This week, there was an interesting recommendation from a panel that advises the government regarding contracting procedures. An article in the Federal Times titled GSA should drop ‘lowest price’ clause covered the ruling:
General Services Administration contracts should stop using a pricing clause that guarantees the government gets a professional services company’s lowest prices, an advisory panel will recommend.
The 15-member Multiple Award Schedules Advisory Panel, which was set up by former administrator Lurita Doan to study the value of the so-called “price reduction clause,” decided Friday that the clause was unenforceable for services contracts.
Because professional services are tailored to meet the needs of the buyer, apples-to-apples comparisons cannot be made to weigh the price for a government service order against those charged to a company’s commercial customers, said Elliot Branch, chairman of the panel.
Other articles covering the ruling emphasized the fact that services cannot be price compared as readily as products. The most telling quote comes from the panel chairman, Elliott Branch: “Pricing for services is largely dependent on the unique needs of each agency and each task order.”
Compared to tangible products with definable features, intangible services are much harder to price. So what influences the list price of a service? In Mastering Professional Services, I wrote an appendix that touched on this very question.
In the appendix, I introduced five elements that influence service pricing:
It is impossible to pursue any pricing strategy without understanding the cost line. What are the costs you will incur to deliver the solution or service at the customer site? Regardless of your pricing strategy, the objective is to make the cost component as accurate and tangible as possible. The better you understand costs, the greater chance you have of pricing services profitably.
2. Financial Objectives
What revenues and profits does the company expect to receive from the service offering? With no target profit model in mind, financial objectives for a service offering must be debated on a case by case basis and can end up all over the place.
3. Competitor’s Price
If the service you are offering is available from other companies (and more than likely it is), it is helpful to understand what those companies are charging. As always, it is risky to determine appropriate pricing in a market vacuum.
4. Customer’s Price Point
What is the customer willing to pay for the service? Such a simple and obvious question. Yet, not an easy one to answer. The salient point is that the more you understand about the customer’s price sensitivity, the better your target pricing will be.
Where a customer finds value in your service should clearly influence how you position that service. Value influences final pricing. Do you have a clear sense of what value the customer receives by purchasing the service? One of key tactics to profitable service pricing is to accurately assess the benefits the customer receives from the service and the total costs incurred to deliver that service. The more tangible you can make both the benefits and the costs, the clearer the value of the service becomes.
These five elements are summarized in the image for today’s blog entry: The Pricing Pentagon.
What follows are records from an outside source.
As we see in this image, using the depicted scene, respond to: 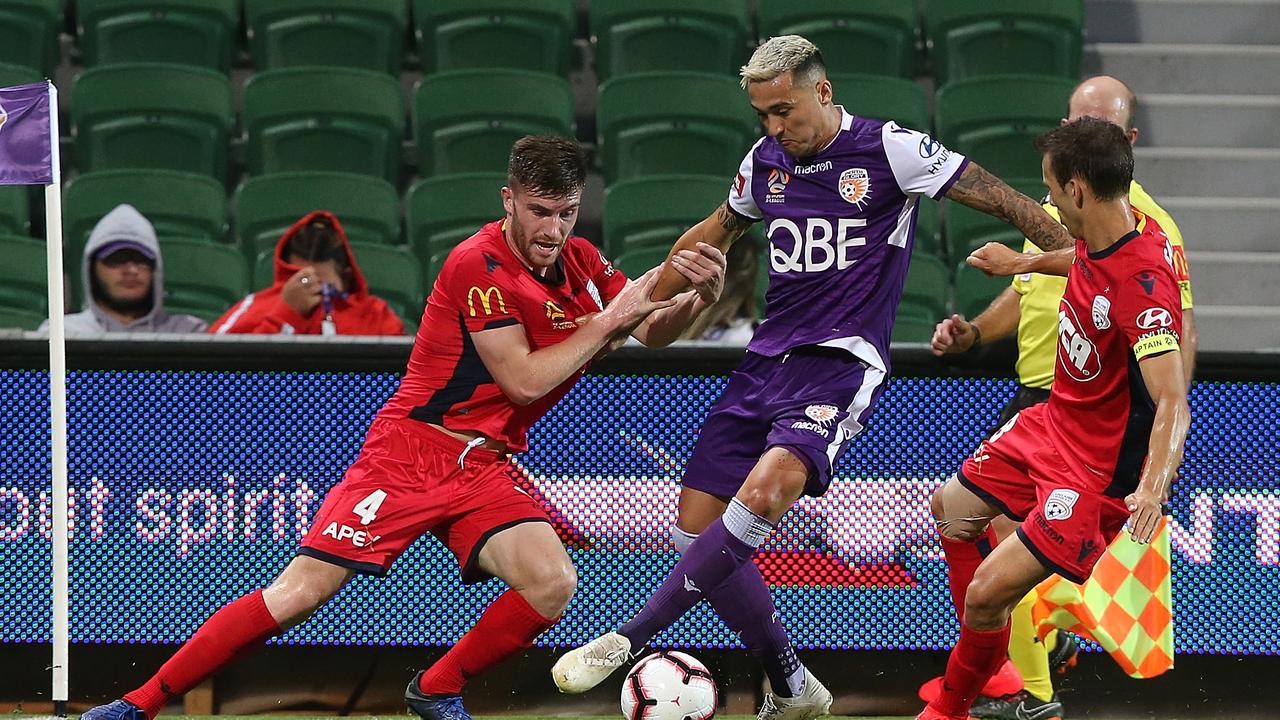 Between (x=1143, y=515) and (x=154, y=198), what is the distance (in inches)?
249

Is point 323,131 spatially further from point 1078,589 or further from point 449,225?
point 1078,589

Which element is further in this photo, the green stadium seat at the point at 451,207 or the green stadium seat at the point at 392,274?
the green stadium seat at the point at 451,207

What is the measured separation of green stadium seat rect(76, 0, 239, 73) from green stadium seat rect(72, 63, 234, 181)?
1.89 ft

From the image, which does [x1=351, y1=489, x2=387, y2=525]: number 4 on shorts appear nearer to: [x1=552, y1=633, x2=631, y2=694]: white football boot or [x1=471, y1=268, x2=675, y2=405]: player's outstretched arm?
[x1=471, y1=268, x2=675, y2=405]: player's outstretched arm

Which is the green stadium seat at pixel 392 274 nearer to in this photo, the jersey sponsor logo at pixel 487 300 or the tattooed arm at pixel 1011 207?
the jersey sponsor logo at pixel 487 300

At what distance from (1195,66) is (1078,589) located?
6079 mm

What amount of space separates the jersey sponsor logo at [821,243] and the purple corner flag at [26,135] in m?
Result: 2.15

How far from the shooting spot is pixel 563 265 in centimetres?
469

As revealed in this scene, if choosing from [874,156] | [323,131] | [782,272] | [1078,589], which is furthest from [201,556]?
[323,131]

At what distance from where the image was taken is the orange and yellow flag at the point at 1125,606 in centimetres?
508

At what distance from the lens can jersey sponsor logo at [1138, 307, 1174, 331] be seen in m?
4.07

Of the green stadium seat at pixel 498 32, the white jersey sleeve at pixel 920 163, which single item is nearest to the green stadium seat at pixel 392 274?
the green stadium seat at pixel 498 32

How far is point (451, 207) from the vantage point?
881 centimetres

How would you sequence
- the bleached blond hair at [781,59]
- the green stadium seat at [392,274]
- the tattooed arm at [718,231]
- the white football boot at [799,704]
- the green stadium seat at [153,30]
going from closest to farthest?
the bleached blond hair at [781,59] < the white football boot at [799,704] < the tattooed arm at [718,231] < the green stadium seat at [392,274] < the green stadium seat at [153,30]
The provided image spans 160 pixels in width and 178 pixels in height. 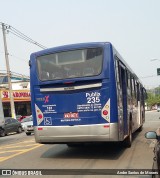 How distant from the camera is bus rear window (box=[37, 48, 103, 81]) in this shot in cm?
1026

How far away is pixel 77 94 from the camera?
10.4 meters

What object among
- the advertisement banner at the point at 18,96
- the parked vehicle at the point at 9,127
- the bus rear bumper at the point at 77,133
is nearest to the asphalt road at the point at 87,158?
the bus rear bumper at the point at 77,133

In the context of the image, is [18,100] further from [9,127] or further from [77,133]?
[77,133]

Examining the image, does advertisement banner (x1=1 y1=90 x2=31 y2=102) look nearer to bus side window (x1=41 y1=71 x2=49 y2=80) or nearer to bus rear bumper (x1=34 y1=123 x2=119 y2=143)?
bus side window (x1=41 y1=71 x2=49 y2=80)

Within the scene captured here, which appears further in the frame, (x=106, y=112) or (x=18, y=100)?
(x=18, y=100)

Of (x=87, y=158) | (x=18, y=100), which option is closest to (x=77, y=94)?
(x=87, y=158)

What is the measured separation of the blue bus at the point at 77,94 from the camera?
10.0 m

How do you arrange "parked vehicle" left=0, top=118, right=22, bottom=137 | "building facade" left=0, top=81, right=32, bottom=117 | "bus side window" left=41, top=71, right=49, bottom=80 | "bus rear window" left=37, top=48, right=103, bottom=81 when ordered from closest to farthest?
"bus rear window" left=37, top=48, right=103, bottom=81 → "bus side window" left=41, top=71, right=49, bottom=80 → "parked vehicle" left=0, top=118, right=22, bottom=137 → "building facade" left=0, top=81, right=32, bottom=117

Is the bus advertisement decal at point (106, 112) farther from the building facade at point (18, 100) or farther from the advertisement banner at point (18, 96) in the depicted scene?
the advertisement banner at point (18, 96)

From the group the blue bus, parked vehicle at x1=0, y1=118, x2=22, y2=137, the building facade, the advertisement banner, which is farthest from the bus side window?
the advertisement banner

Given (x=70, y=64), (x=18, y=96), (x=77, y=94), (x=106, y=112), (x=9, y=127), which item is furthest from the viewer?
(x=18, y=96)

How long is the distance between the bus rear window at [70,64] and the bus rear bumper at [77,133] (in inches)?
57.2

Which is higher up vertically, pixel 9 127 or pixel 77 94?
pixel 77 94

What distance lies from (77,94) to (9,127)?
65.5 ft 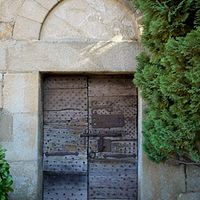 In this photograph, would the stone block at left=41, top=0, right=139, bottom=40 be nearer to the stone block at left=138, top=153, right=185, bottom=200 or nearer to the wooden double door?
the wooden double door

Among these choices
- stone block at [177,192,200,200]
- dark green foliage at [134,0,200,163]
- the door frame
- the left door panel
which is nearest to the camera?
dark green foliage at [134,0,200,163]

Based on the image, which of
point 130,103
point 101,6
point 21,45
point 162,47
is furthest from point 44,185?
Answer: point 101,6

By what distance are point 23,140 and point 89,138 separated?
867 mm

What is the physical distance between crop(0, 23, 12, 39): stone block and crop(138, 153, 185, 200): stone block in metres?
2.37

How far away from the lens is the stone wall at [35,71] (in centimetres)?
267

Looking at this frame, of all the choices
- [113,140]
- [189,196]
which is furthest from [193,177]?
[113,140]

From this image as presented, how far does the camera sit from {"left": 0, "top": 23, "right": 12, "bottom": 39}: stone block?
2.70m

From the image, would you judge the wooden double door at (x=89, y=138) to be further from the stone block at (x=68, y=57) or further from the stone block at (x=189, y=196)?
the stone block at (x=189, y=196)

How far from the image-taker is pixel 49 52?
2.69m

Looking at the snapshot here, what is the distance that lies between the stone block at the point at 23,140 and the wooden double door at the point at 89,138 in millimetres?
264

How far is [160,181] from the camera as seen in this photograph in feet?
8.86

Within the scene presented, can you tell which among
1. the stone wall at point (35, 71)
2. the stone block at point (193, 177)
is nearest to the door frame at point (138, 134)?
the stone wall at point (35, 71)

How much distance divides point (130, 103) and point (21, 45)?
164cm

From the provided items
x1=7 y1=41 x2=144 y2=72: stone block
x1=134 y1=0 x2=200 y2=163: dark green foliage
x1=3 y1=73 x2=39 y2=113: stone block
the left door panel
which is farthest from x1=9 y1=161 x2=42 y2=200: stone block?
x1=134 y1=0 x2=200 y2=163: dark green foliage
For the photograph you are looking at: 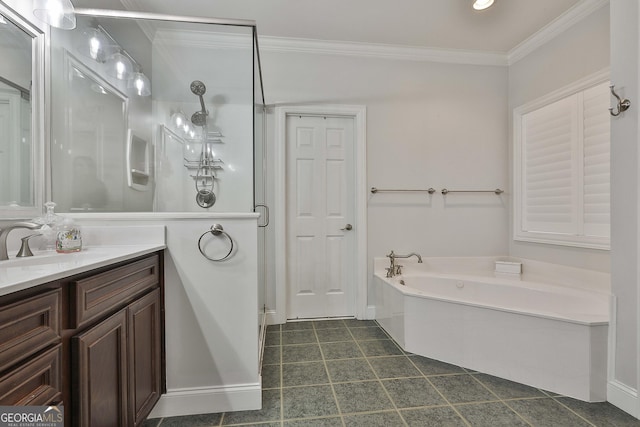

Each point in the pentagon influences the pricing of a service offering. The logic is simple: The better your understanding of each variable, the more effective and profitable your service pricing will be.
With these five variables in mind, there are three distinct approaches you can take to create pricing for a service offering:
1. Cost Based Pricing
2. Value Based Pricing
3. Market Based Pricing
Each pricing approach requires different levels of mastery regarding the five variables. Each approach has strengths and weaknesses. Cost based pricing is the low effort approach but it results in the minimal required profits—pricing does not exploit the true value of a service. Also, cost based pricing creates the highest amount of market risk. Your service may simply be over priced and deliver little value. Value based pricing takes more effort but increases profit potential because you are now exploiting the value line by matching price to value. Value based pricing also has less market risk than cost based pricing. Market based pricing requires the most effort but rewards you with the greatest potential of owning the market.
At this point in time, our data tells us a vast majority of service organizations pursue a brute force, cost based pricing strategy. Even when projects are bid with a fixed price, they are often structured in a time and materials fahshion with a not to exceed cap. In other words, the service provider still approaches the project from a cost basis and does not base the fixed price on the value of the project to the customer. As Peter Drucker pointed out years ago, there is incredible market risk with a cost based pricing approach.
If there is strong viewing for this post, I will dedicate a future post to introducing a new service pricing framework I am working on titled “Pricing Time Zones”. It is another framework service organization can use, like the Pricing Pentagon, to formulate a strategy for pricing those pesky, intangible services.